[Short text fragments from websites]
* * * * * * *

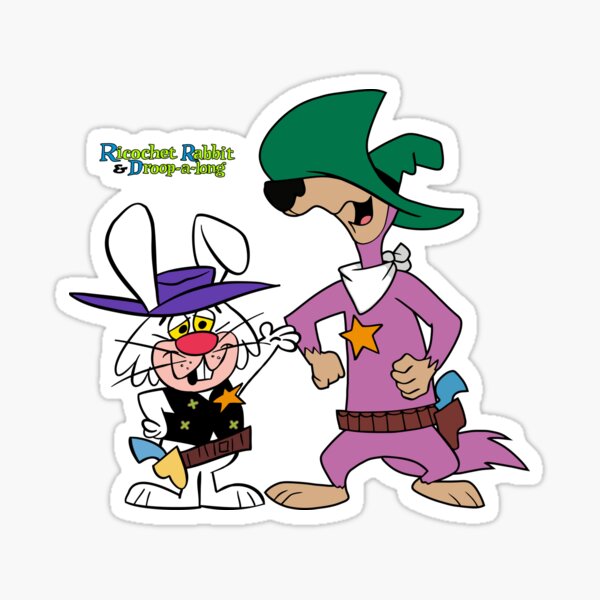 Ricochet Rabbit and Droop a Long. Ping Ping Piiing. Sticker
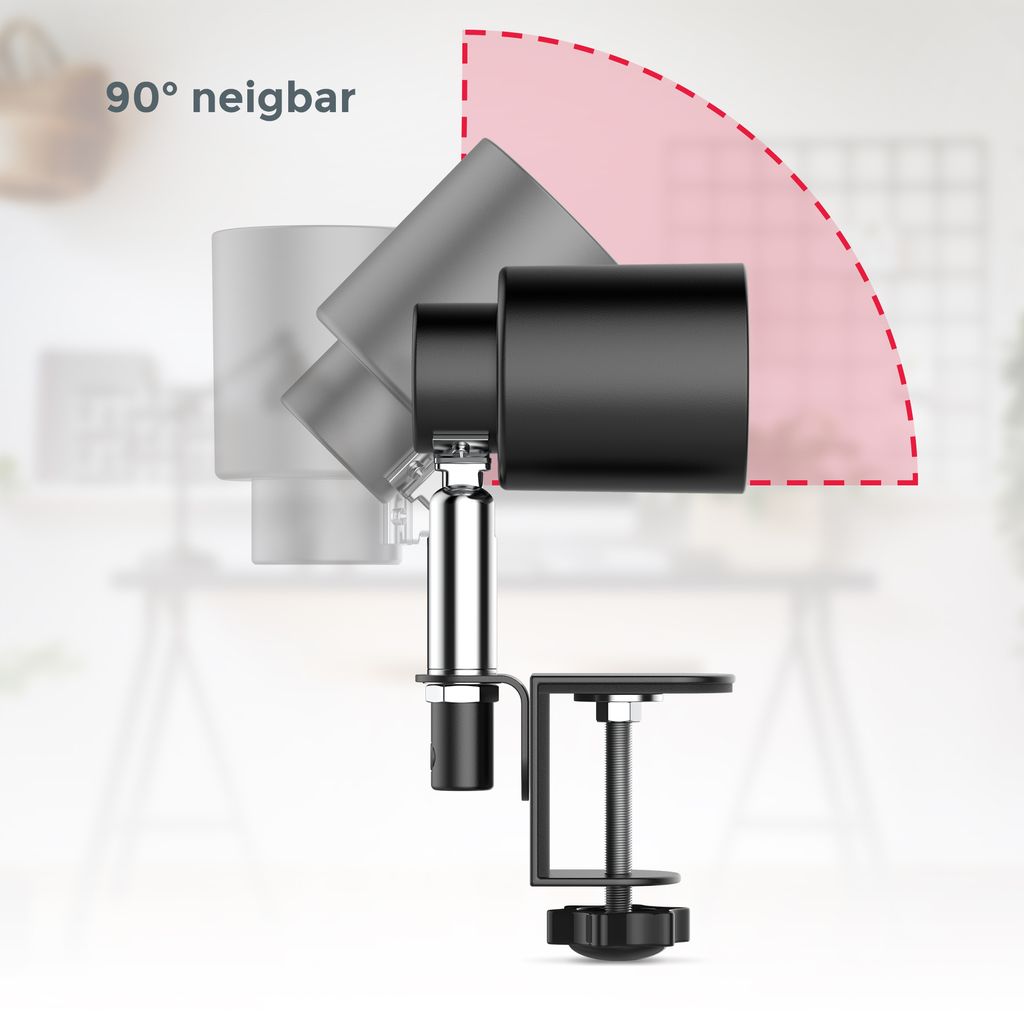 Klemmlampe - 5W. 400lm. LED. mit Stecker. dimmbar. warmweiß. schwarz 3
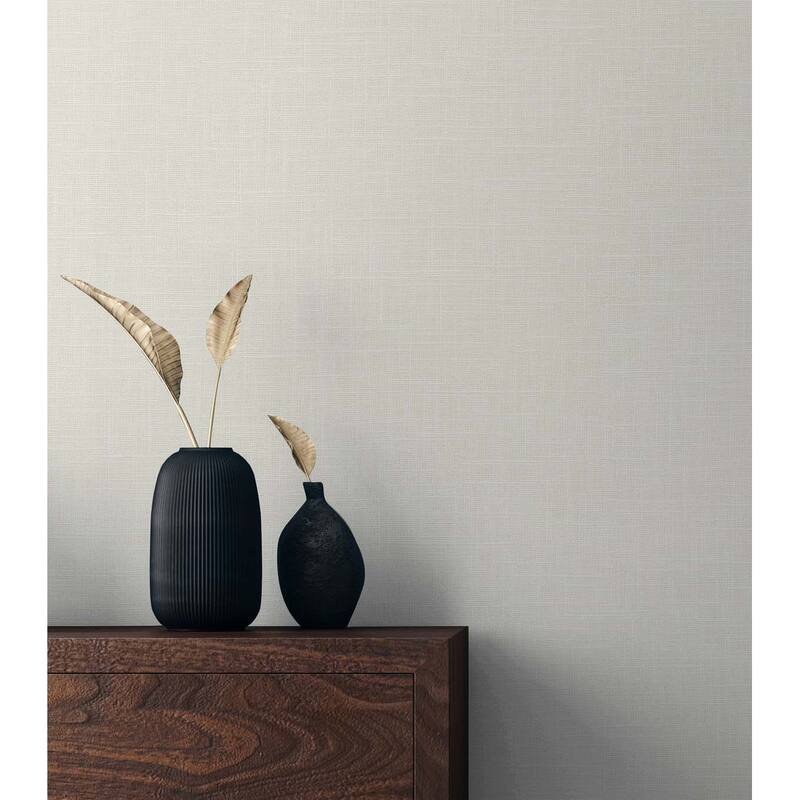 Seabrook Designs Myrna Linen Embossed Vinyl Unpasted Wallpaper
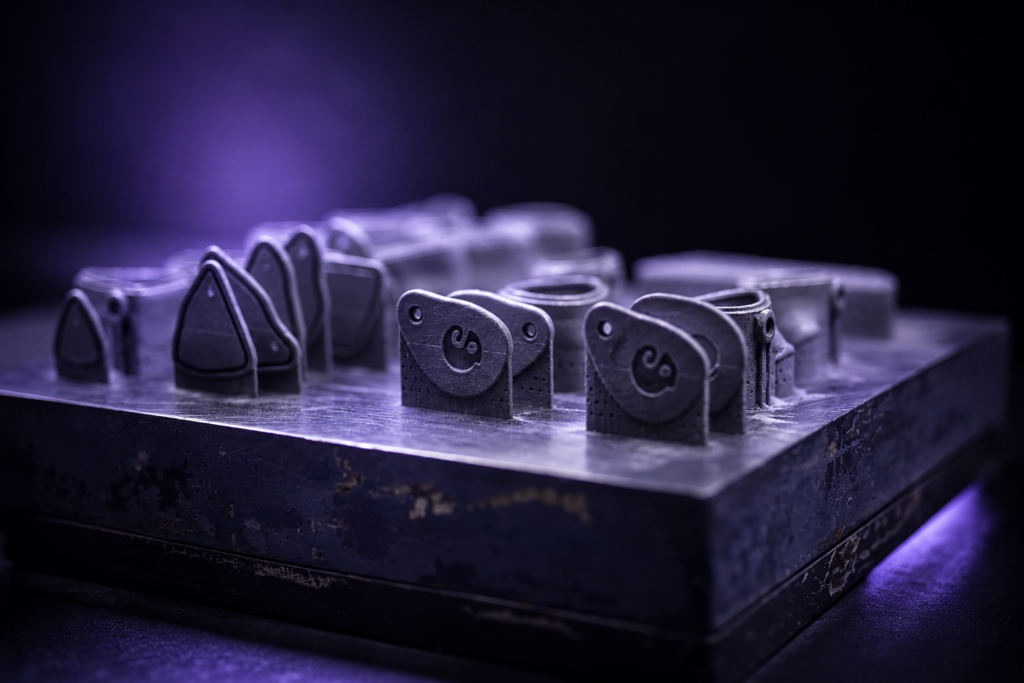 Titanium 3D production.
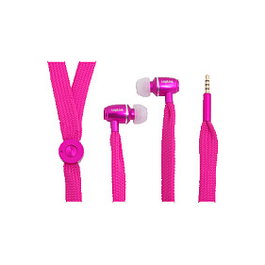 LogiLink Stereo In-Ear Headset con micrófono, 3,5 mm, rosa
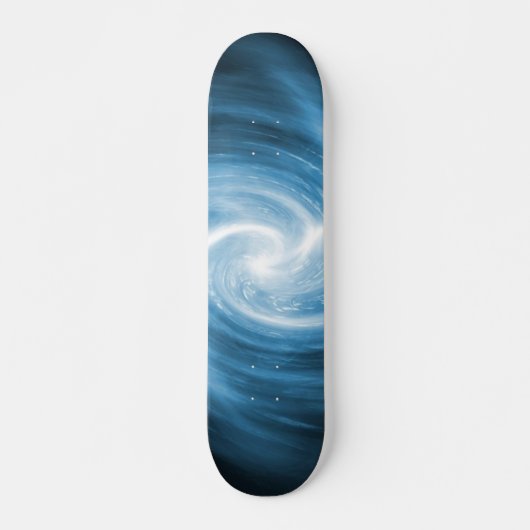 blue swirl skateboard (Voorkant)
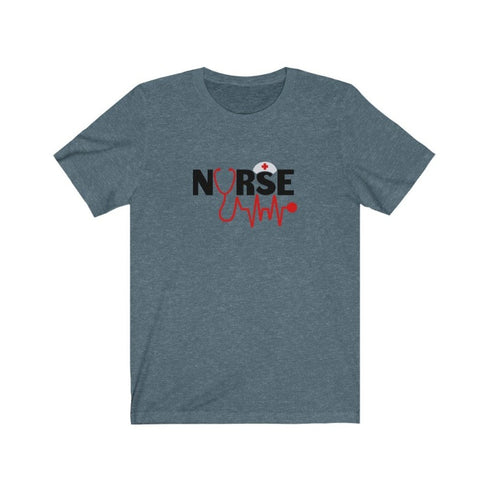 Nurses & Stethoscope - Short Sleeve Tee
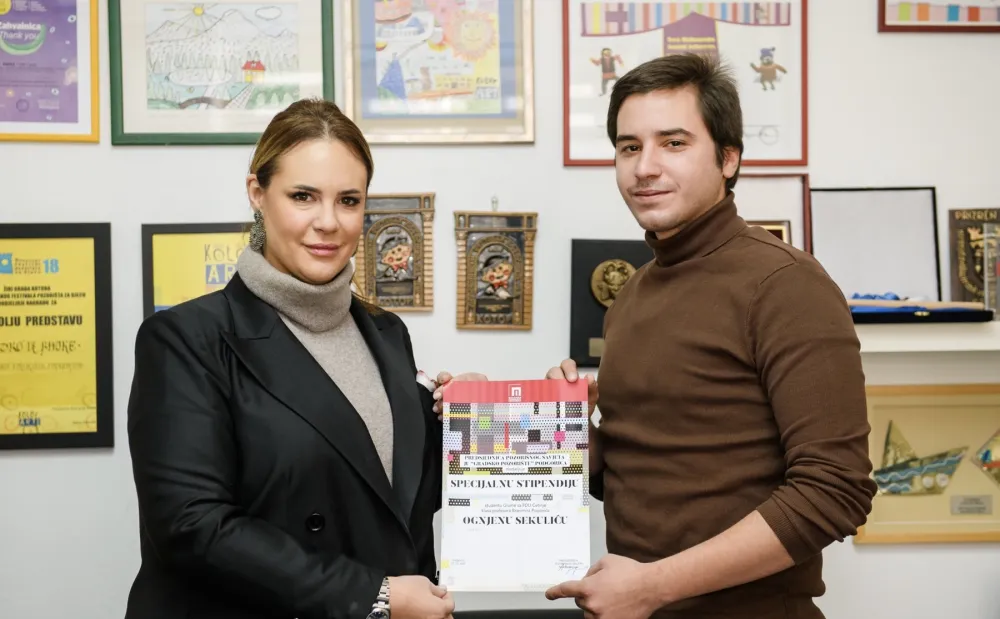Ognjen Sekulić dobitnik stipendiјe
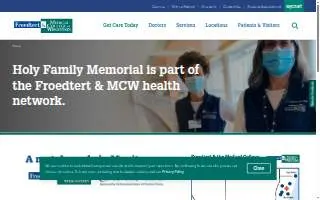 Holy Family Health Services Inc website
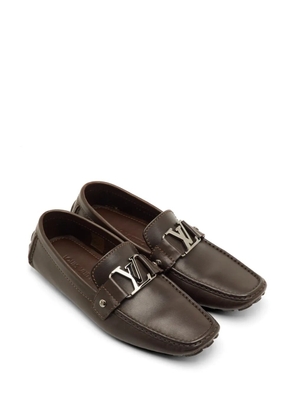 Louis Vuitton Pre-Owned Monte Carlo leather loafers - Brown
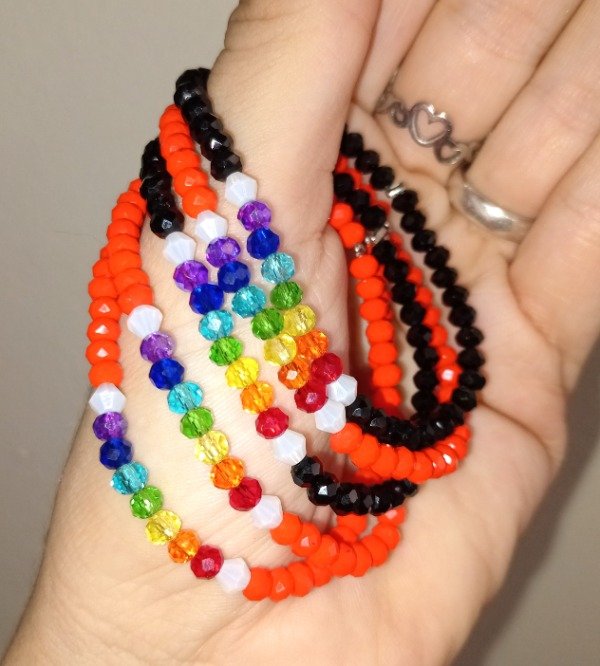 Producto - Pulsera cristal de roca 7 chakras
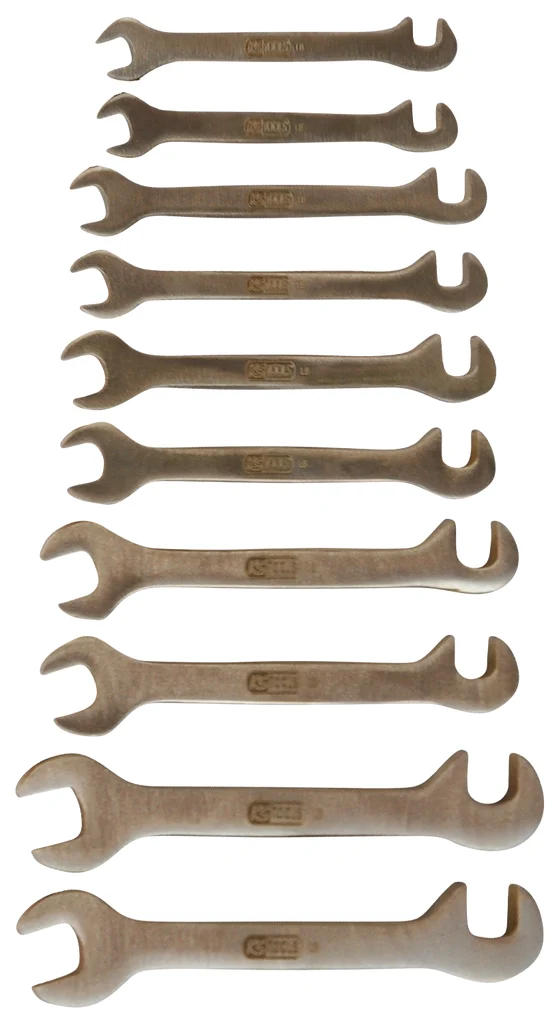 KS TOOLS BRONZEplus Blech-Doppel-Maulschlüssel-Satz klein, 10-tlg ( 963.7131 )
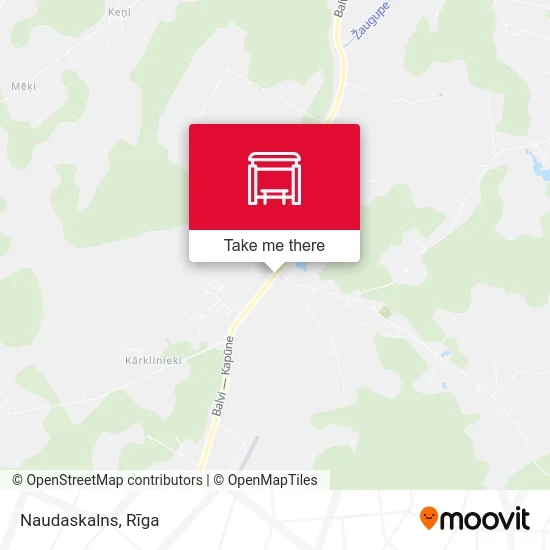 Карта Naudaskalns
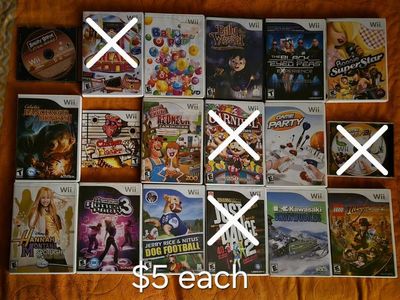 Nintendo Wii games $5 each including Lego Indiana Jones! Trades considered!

* * * * * * *

▸ WHAT TO DO
Would you set down every line of the data above exactly, skipping the pictures?

▸ EXERCISE OUTPUT
 Ricochet Rabbit and Droop a Long. Ping Ping Piiing. Sticker
 Klemmlampe - 5W. 400lm. LED. mit Stecker. dimmbar. warmweiß. schwarz 3
 Seabrook Designs Myrna Linen Embossed Vinyl Unpasted Wallpaper
 Titanium 3D production.
 LogiLink Stereo In-Ear Headset con micrófono, 3,5 mm, rosa
 blue swirl skateboard (Voorkant)
 Nurses & Stethoscope - Short Sleeve Tee
Ognjen Sekulić dobitnik stipendiјe
 Holy Family Health Services Inc website
 Louis Vuitton Pre-Owned Monte Carlo leather loafers - Brown
 Producto - Pulsera cristal de roca 7 chakras
 KS TOOLS BRONZEplus Blech-Doppel-Maulschlüssel-Satz klein, 10-tlg ( 963.7131 )
 Карта Naudaskalns
 Nintendo Wii games $5 each including Lego Indiana Jones! Trades considered!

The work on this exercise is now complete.